5 コンテンツ(部品)の作り方:アイデアはどこから来るのか?

 文章を書く作業は、マーケティングを計画立案することにとても似ています。文章を読んでもらうには、読み手(ターゲット)を設定して、その嗜好(テイスト、興味関心)に寄り添う内容(商品・サービス)を準備します。だから、文章を読んでくれる対象者を想定して、その人に語りかえるように文章を書きます。

 当然のことですが、取り上げる内容(コンテンツも)、想定される読者が興味を抱いたり、相手が喜ぶものでなければなりません。まさに、マーケティング発想そのものです。ただし、商品づくりのコツは、すでに1~4で解説しました。
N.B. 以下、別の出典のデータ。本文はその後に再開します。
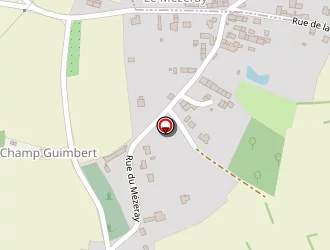 Carte de Eaux à Lanvallay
残された課題は、部品をどこから持ってくるかです。

 経験豊富なプロの作家でも、つぎのことを念頭に置いて文章を書いていると思います。

 

(1) 自分の経験

 学生のみなさんで、もっとも頻繁に感想文に利用されるネタは、つぎの4つです。

 ① 子供のころの自分の体験(趣味、部活、旅行など)、

 ② 両親や祖父母との会話、

 ③ 先生や先輩の教え、

 ④ アルバイト先での経験

 

(2) 参照と引用(本やテキスト)

 勉強好きな学生さんならば、たくさん本を読んでいます。また、演劇や映画などをたくさん見ているはずです。最強のネタは、広い意味で自分の経験を内省することです。

 

(3) 観察とインタビュー

 本当におもしろいネタは、街の中に転がっています。そのためには日々、周囲の出来事や人物の観察を怠らないことです。事件はいつも起こっています。わたしは、書くことそのものよりも、そのための準備作業の観察と聞き取りの方が楽しいと思っています。なぜなら、良い文章が書けるには、伝える中身が充実していなければならないからです。

 そのための一番の近道が、観察眼と聞き取りのテクニックを磨くことだからです。「お話し上手は聞き上手」と言います。インタビューの達人になることが、上手な書き手になるための第一歩です。

 また、事実を具体的なデータで示すことで、書き手の主張に真実性をもたせることができます。多少怪しいデータでも、具体的なデータを提示すると、物事の信憑性が高まります。このことは、書き方の技法として説明をします。